Error: Error deleting ECS cluster: ClusterContainsContainerInstancesException: The Cluster cannot be deleted while Container Instances are active or draining.

The problem is that this new capacity_provider property on the aws_ecs_cluster introduces a new dependency:
aws_ecs_cluster
depends on aws_ecs_capacity_provider
depends on aws_autoscaling_group

This causes terraform to destroy the ECS cluster before the autoscaling group, which is the wrong way around: the autoscaling group must be destroyed first because the cluster must contain zero instances before it can be destroyed.

A possible solution may be to introduce a new resource type representing the attachment of a capacity provider to a cluster (inspired by aws_iam_role_policy_attachment which is the attachment of an IAM policy to a role).

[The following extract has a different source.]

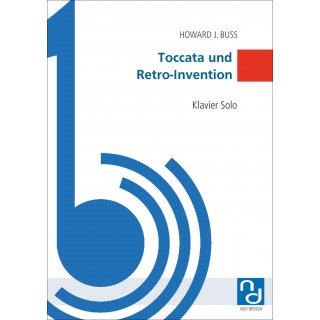 Toccata und Retro-Invention fuer Klavier Solo von Howard J. Buss-1-9790502881719-NDV BP0504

This would allow the following dependency graph which would work beautifully:
aws_ecs_capacity_provider_cluster_attachment
depends on aws_ecs_cluster and aws_ecs_capacity_provider;
aws_ecs_capacity_provider
depends on aws_autoscaling_group
depends on aws_launch_template
depends on aws_ecs_cluster (e.g. via the user_data property which needs to set the ECS_CLUSTER environment variable to the name of the cluster).

Steps to Reproduce

terraform apply
terraform destroy

Important Factoids

References

The problematic capacity_providers field on aws_ecs_cluster was added recently in #11150
Using aws_ecs_capacity_provider with managed_termination_protection = "ENABLED" requires that the aws_autoscaling_group has protect_from_scale_in enabled, which has a separate issue with destroy: #5278

new-resource servicecs

Source

lukedd

👍58 🚀1

Most helpful comment

Meanwhile here is a nasty workaround using a destroy provisioner, that worked for me to allow the aws_ecs_cluster to be destroyed:

resource "aws_ecs_cluster" "cluster" {
  name = local.cluster_name

  capacity_providers = [aws_ecs_capacity_provider.cp.name]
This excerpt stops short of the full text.